TASK INPUTS:

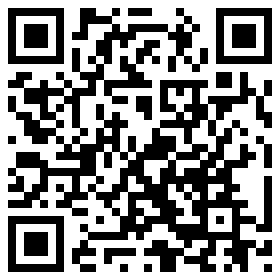 qrcode für Ses-Sterling 03600106015I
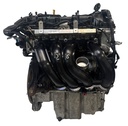MTD-485681-3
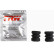 Brake Caliper BHZ494E TRW, Thumbnail 6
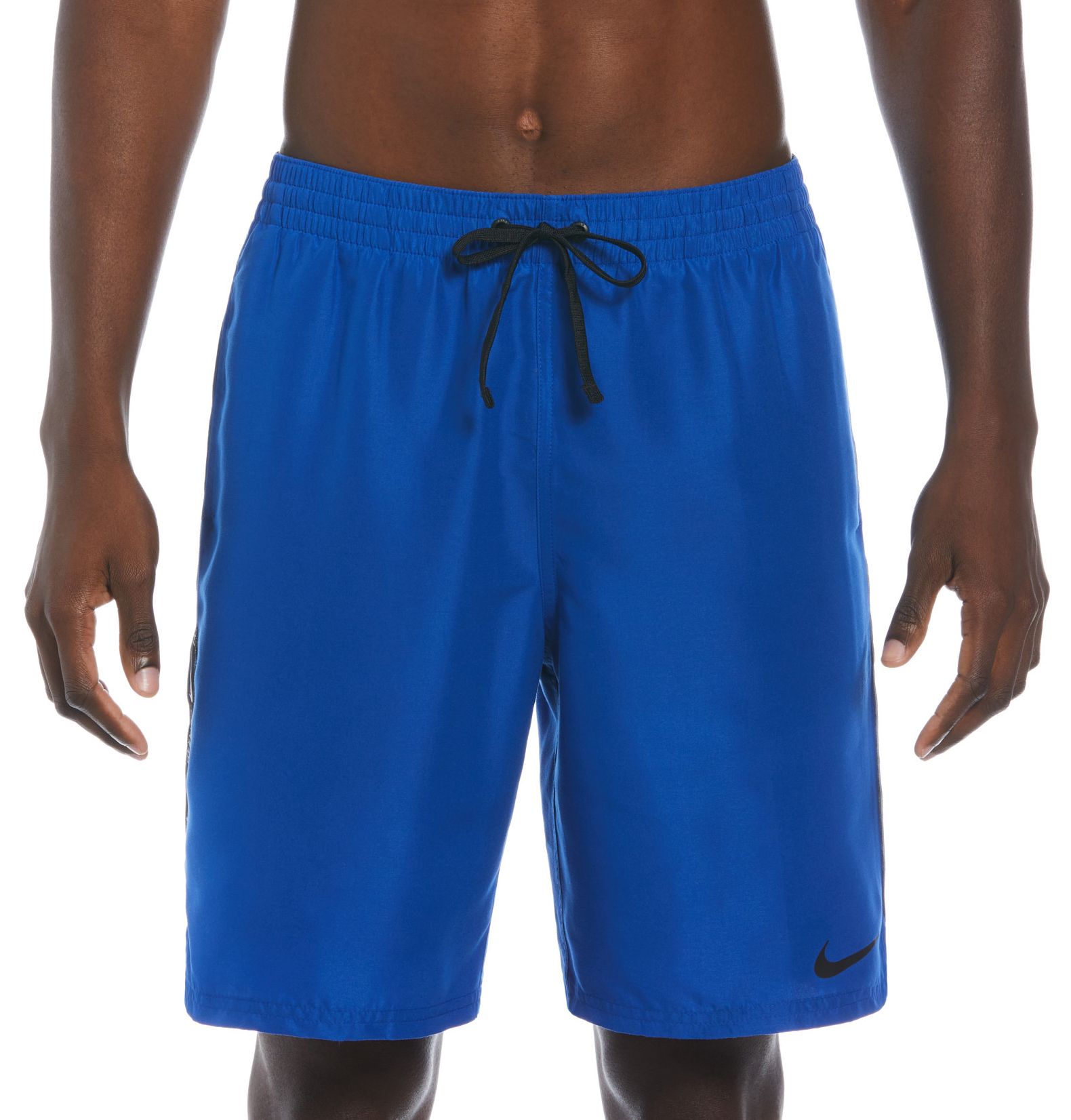 Game Royal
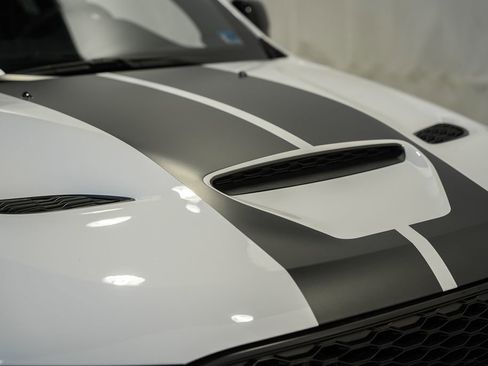 New 2026 Dodge Durango GT image 15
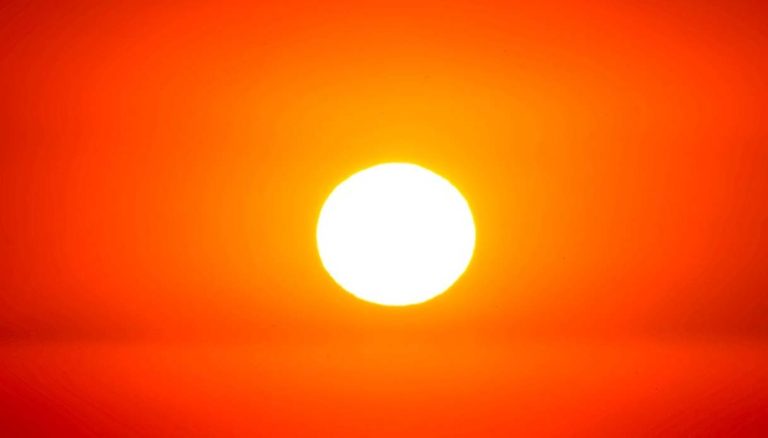 Bologna 15 giugno piano contro ondate calore Caldo, anche in Campania un'ordinanza per tutelare i lavoratori Roma bollino rosso 24 giugno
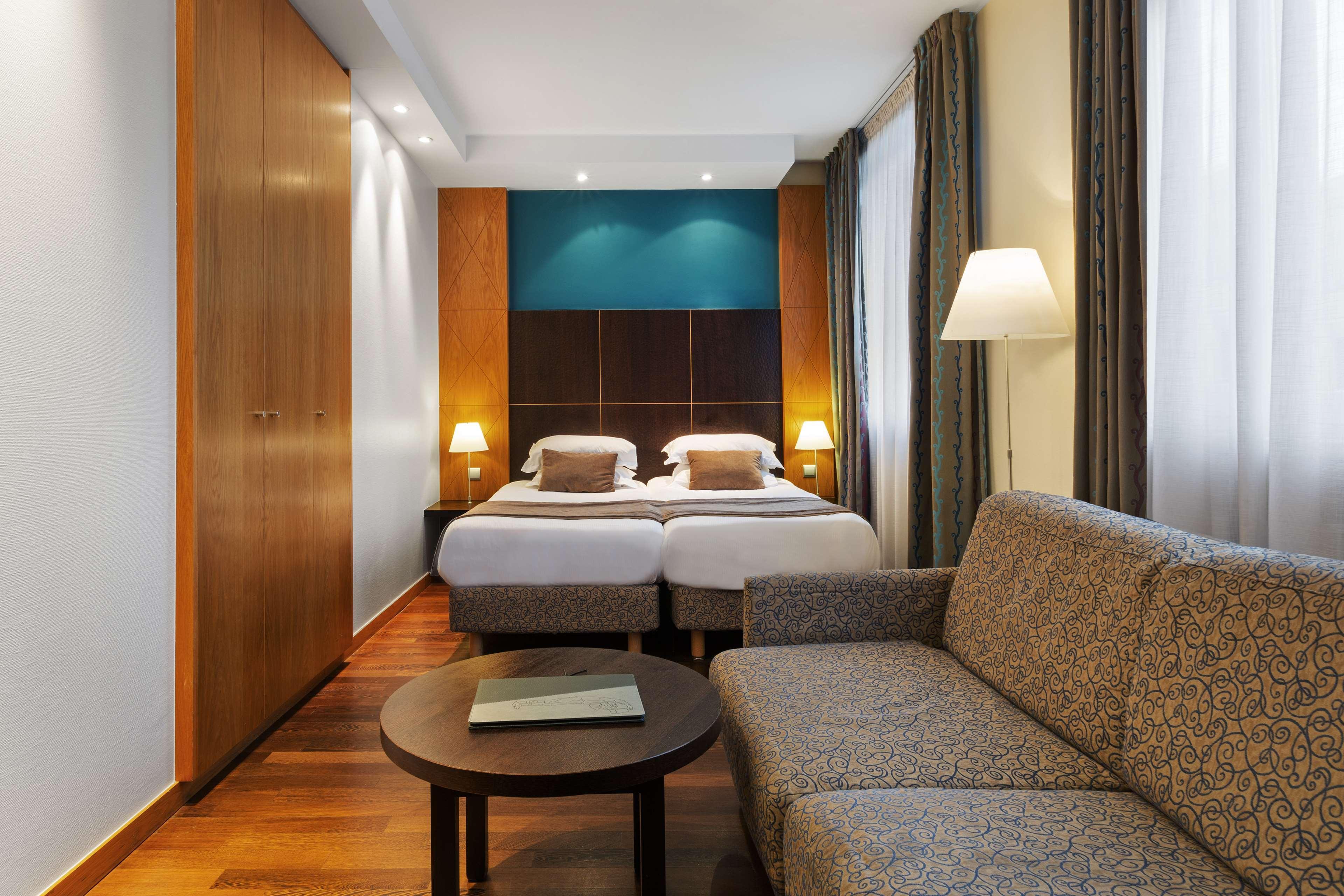 Best Western Plus Monopole Metropole Strasbourg Eksteriør bilde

TASK INSTRUCTIONS: Write out verbatim the lines from the one containing "MTD-485681-3" through the last line of the listing above, and no other lines; omit pictures.

EXPECTED OUTPUT:
MTD-485681-3
 Brake Caliper BHZ494E TRW, Thumbnail 6
 Game Royal
 New 2026 Dodge Durango GT image 15
 Bologna 15 giugno piano contro ondate calore Caldo, anche in Campania un'ordinanza per tutelare i lavoratori Roma bollino rosso 24 giugno
 Best Western Plus Monopole Metropole Strasbourg Eksteriør bilde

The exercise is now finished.